Self-striking lamps were provided with an electrically conductive coating on the outside upper surface of the glass bulb directly above the mercury reservoir, so that there was a vacuum space between this external 'electrode' and the mercury in the lower portion of the tube. The conductive coating was connected directly to the anode at the opposite end of the tube - the intention being to increase the electric field strength above the mercury pool. The external electrode usually took the form of a ring of conductive paint applied to the bulb, but sometimes a wire hoop in close proximity to the bulb was employed, the general arrangement being illustrated in Figure 14.
Figure 14 - The Cooper-Hewitt Lamp with External Starting Electrode
In parallel with the lamp was wired a miniature mercury tilt switch, essentially a tiny scaled-down Cooper-Hewitt lamp itself, known as the 'shifter'. The shifter would be physically located directly alongside the series-wired inductive ballast which controlled the discharge current of the main lamp, and orientated such that in its resting position its own mercury dose would directly short-circuit the main lamp. Then on energising the system, a high current would flow through the windings of the inductance coil, bypassing the lamp by means of the mercury shifter which was short-circuiting it, the flow of current generating a strong magnetic field around the windings of the coil. The shifter was mounted very lightly such that it would be influenced by this magnetic field, causing it to tilt and drain its mercury charge to one end, thus breaking the circuit. The magnetic field built up around the windings would then collapse to zero at an extremely rapid rate, thereby inducing a high voltage kick which was sufficient to ionise the space between the mercury cathode and the external anode in the main lamp. (Incidentally, no ionisation takes place in the mercury shifter tube because it is itself wired in series with another small resistance, such that the route of lowest resistance is not through the shifter tube, but across the main lamp and its external electrode).
The small arc occurring above the mercury pool in the main lamp was sufficient to generate a good deal of mercury vapour and ionise it, and almost instantaneously the arc would then jump from the small external anode to the main internal anode electrode at the opposite end of the tube (of course, this proved a route of lower resistance since the main anode is internal, whereas the small external anode ring is dielectrically separated by the glass bulb).

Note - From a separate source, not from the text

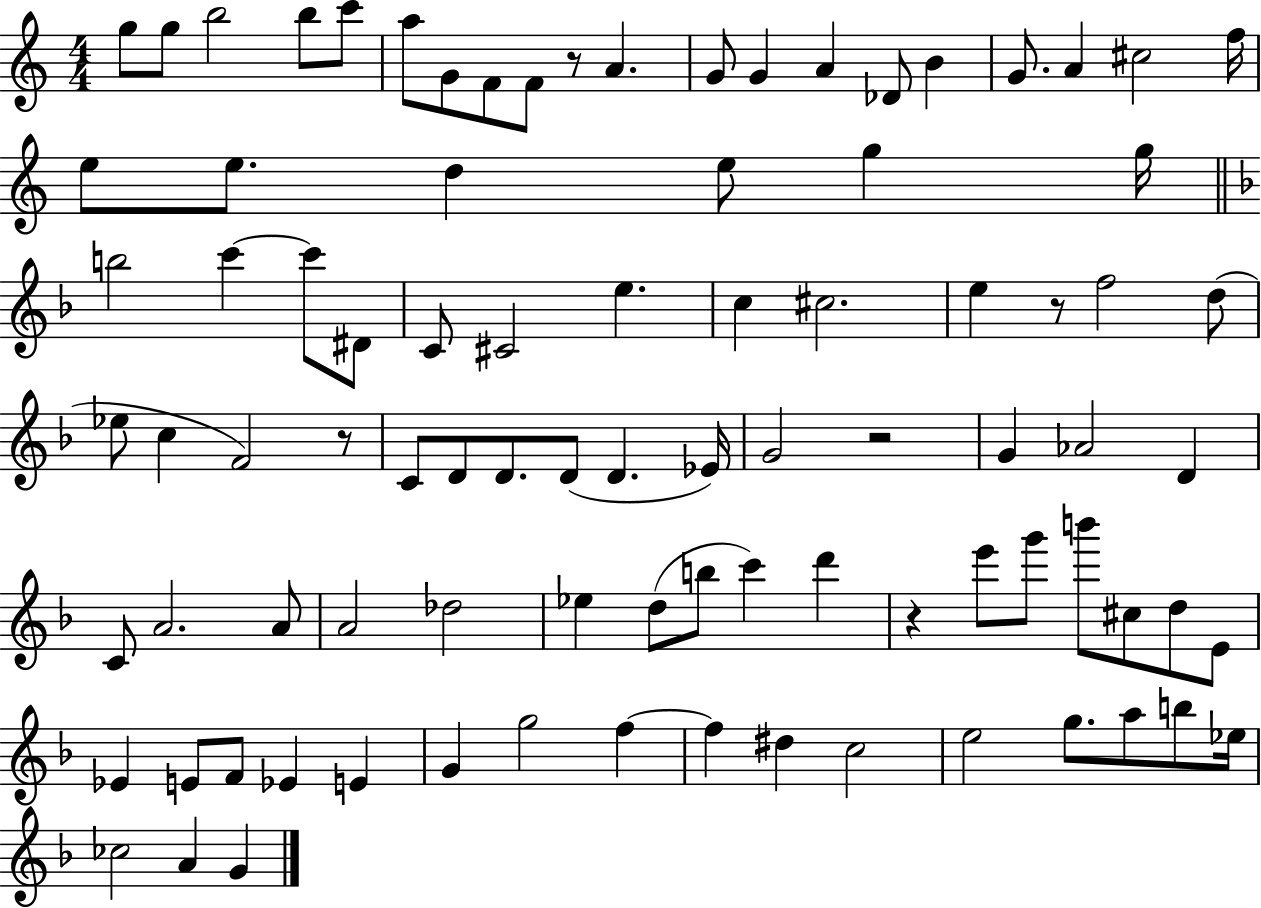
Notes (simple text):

G5/e G5/e B5/h B5/e C6/e A5/e G4/e F4/e F4/e R/e A4/q. G4/e G4/q A4/q Db4/e B4/q G4/e. A4/q C#5/h F5/s E5/e E5/e. D5/q E5/e G5/q G5/s B5/h C6/q C6/e D#4/e C4/e C#4/h E5/q. C5/q C#5/h. E5/q R/e F5/h D5/e Eb5/e C5/q F4/h R/e C4/e D4/e D4/e. D4/e D4/q. Eb4/s G4/h R/h G4/q Ab4/h D4/q C4/e A4/h. A4/e A4/h Db5/h Eb5/q D5/e B5/e C6/q D6/q R/q E6/e G6/e B6/e C#5/e D5/e E4/e Eb4/q E4/e F4/e Eb4/q E4/q G4/q G5/h F5/q F5/q D#5/q C5/h E5/h G5/e. A5/e B5/e Eb5/s CES5/h A4/q G4/q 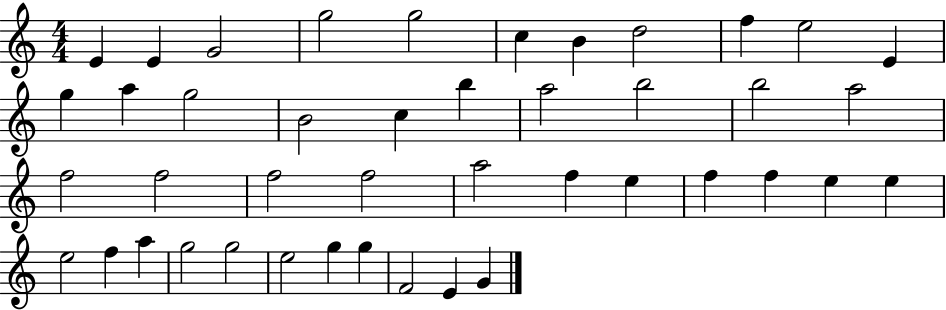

If the lamp struck successfully then the magnetic field around the windings of the inductance coil would be quickly restored and it was still sufficiently great to hold the mercury shifter in its open-circuit position. However if the lamp did not strike up on its first attempt, the shifter would fall back to its resting position and short-circuit the lamp again, this entire process repeating itself as many times as was necessary until the lamp was successfully lit. A typical wiring diagram for the whole automatic starting arrangement is illustrated in Figure 15.
Figure 15 - Typical Wiring Diagram for Automatic Lamp Starting
The system of employing the external electrode plus auxiliary mercury shifter proved to be extremely reliable. Oil-filled or quick-acting circuit breakers were often tried as an alternative to the mercury shifter but proved temperamental and would not work all of the time. It is interesting to note that a higher induced voltage will be produced by the inductance coil for whichever device breaks the current flow through it the most rapidly - the magnitude of the high voltage kick of course depending on how rapidly the magnetic field around the windings collapses. Here the mercury shifter has an advantage, accounted for by the uniquely rapid deionisation of cold mercury vapour and the heat-dissipating properties of its volatile contact points. It was also observed that the colder the shifter, the more effective it would be. In hot weather the shifter would contain a greater pressure of mercury vapour itself, which resulted in a slower breaking of the circuit and less reliable lamp ignition (but still more reliable than any other form of rapid-acting circuit breaker).